Simplify each expression using Exponent Rules. Choose the correct answer in the table.
(1 point)
512
57
5
53×54
5 to the 12th power – 5 cubed times 5 to the 4th power
5 to the 7th power – 5 cubed times 5 to the 4th power
5 – 5 cubed times 5 to the 4th power
(53)4
5 to the 12th power – open paren 5 cubed close paren to the 4th power
5 to the 7th power – open paren 5 cubed close paren to the 4th power
5 – open paren 5 cubed close paren to the 4th power
5453
5 to the 12th power – the fraction with numerator 5 to the 4th power and denominator 5 cubed
5 to the 7th power – the fraction with numerator 5 to the 4th power and denominator 5 cubed
5 – the fraction with numerator 5 to the 4th power and denominator 5 cubed
To simplify the given expression using exponent rules, let's break it down step by step:
5 to the 12th power – (5 cubed) times (5 to the 4th power)
First, let's simplify the parentheses by calculating 5 cubed (5^3) and 5 to the 4th power (5^4).
5 cubed = 5^3 = 5 * 5 * 5 = 125
5 to the 4th power = 5^4 = 5 * 5 * 5 * 5 = 625
Now, substitute the values back into the expression:
5 to the 12th power – 125 times 625
Next, perform the multiplication:
125 times 625 = 78125
Now, substitute the result back into the expression:
5 to the 12th power – 78125
Finally, calculate 5 to the 12th power by multiplying 5 twelve times:
5 to the 12th power = 5 * 5 * 5 * 5 * 5 * 5 * 5 * 5 * 5 * 5 * 5 * 5 = 244140625
Now, substitute the result back into the expression:
244140625 - 78125
To subtract these numbers, we need to ensure that we have the same base (5 in this case). To do this, we can rewrite 78125 as 78125 * 1, and rewrite 244140625 as 244140625 * 1.
244140625 - 78125 * 1
Now, we can subtract:
244140625 - 78125 = 244062500
Therefore, the simplified expression is 244062500, and the correct option in the table is:
- 5453 (fifth option in the table)
Choose the correct answer for each. Help Video(1 point)
1 -1 undefined
a0
1 – A to the 0 power
-1 – A to the 0 power
undefined – A to the 0 power
−(a)0
1 – negative A to the 0 power
-1 – negative A to the 0 power
undefined – negative A to the 0 power
00
1 – 0 to the 0 power
-1 – 0 to the 0 power
undefined – 0 to the 0 power
(−8)0
1 – negative 8 to the 0 power
-1 – negative 8 to the 0 power
undefined – negative 8 to the 0 power
−(−8)0
1 – negative negative 8 to the 0 power
-1 – negative negative 8 to the 0 power
undefined – negative negative 8 to the 0 power
Let's go through each option and determine the correct answer:
1. a^0: According to the exponent rule, any number raised to the power of 0 is equal to 1.
Therefore, the correct answer is: 1.
2. (-a)^0: According to the exponent rule, any number raised to the power of 0 is equal to 1.
Therefore, the correct answer is: 1.
3. 0^0: This is an indeterminate form. Different interpretations may yield different results.
Therefore, the correct answer is: undefined.
4. (-8)^0: According to the exponent rule, any number raised to the power of 0 is equal to 1.
Therefore, the correct answer is: 1.
5. (-(-8))^0: According to the exponent rule, any number raised to the power of 0 is equal to 1.
Therefore, the correct answer is: 1.
In summary, the correct answers are:
1. 1
2. 1
3. undefined
4. 1
5. 1
What is the missing exponent in the expression?

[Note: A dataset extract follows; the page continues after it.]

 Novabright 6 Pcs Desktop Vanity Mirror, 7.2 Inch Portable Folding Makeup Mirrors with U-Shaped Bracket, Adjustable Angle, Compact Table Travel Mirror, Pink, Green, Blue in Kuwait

Help Video
(x?)5=x20
(1 point)
To find the missing exponent, we can use the exponent rule for multiplication of powers. The rule states that when you have a variable raised to a power, and you raise that entire expression to another power, you can multiply the exponents.

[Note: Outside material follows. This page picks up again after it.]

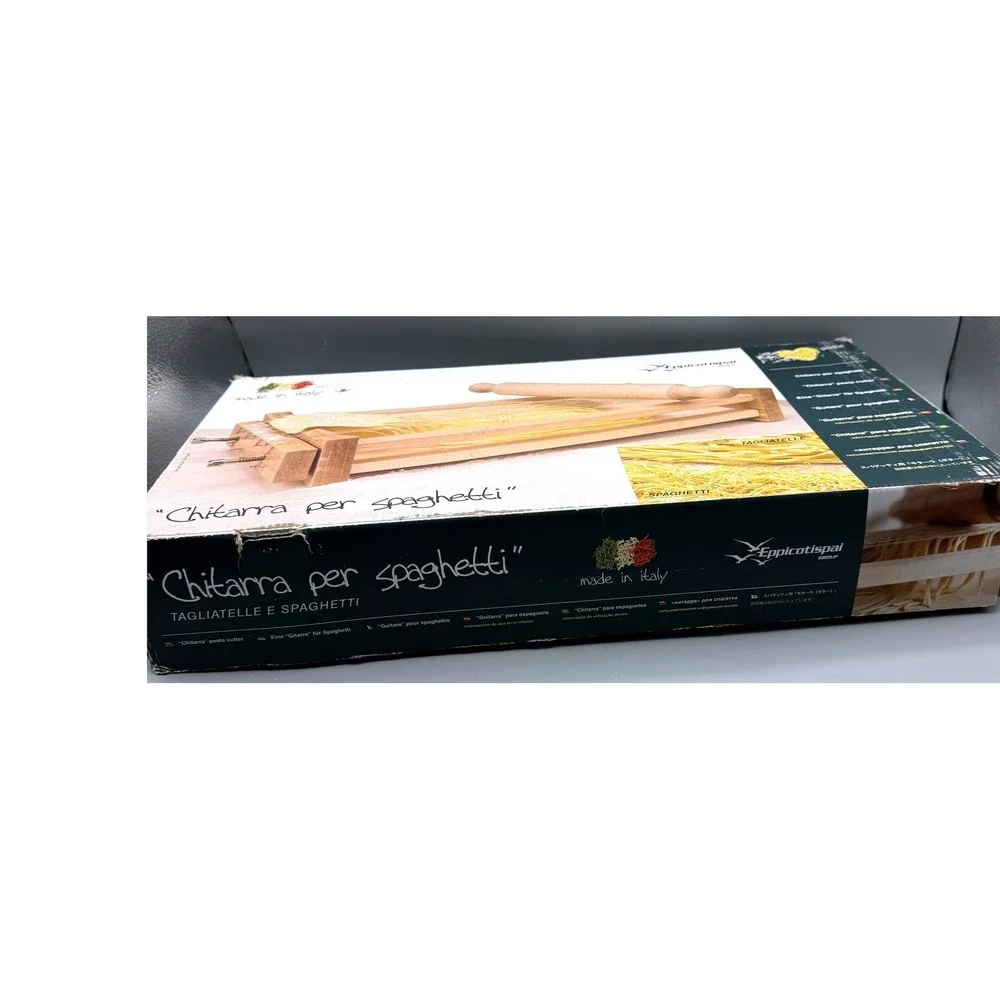 Eppicotispai Chitarra Pasta Cutter Beechwood Double Sided Spaghetti Tagliatelle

In this case, we have (x?) raised to the 5th power, equal to x^20.
To find the missing exponent, we can set up an equation:
(x?)^5 = x^20
Now, we can use the exponent rule and equate the exponents:
? * 5 = 20
To solve for the missing exponent "?", we divide both sides of the equation by 5:
? = 20 / 5
Simplifying the right side of the equation gives:
? = 4
Therefore, the missing exponent in the expression (x?)^5 = x^20 is 4.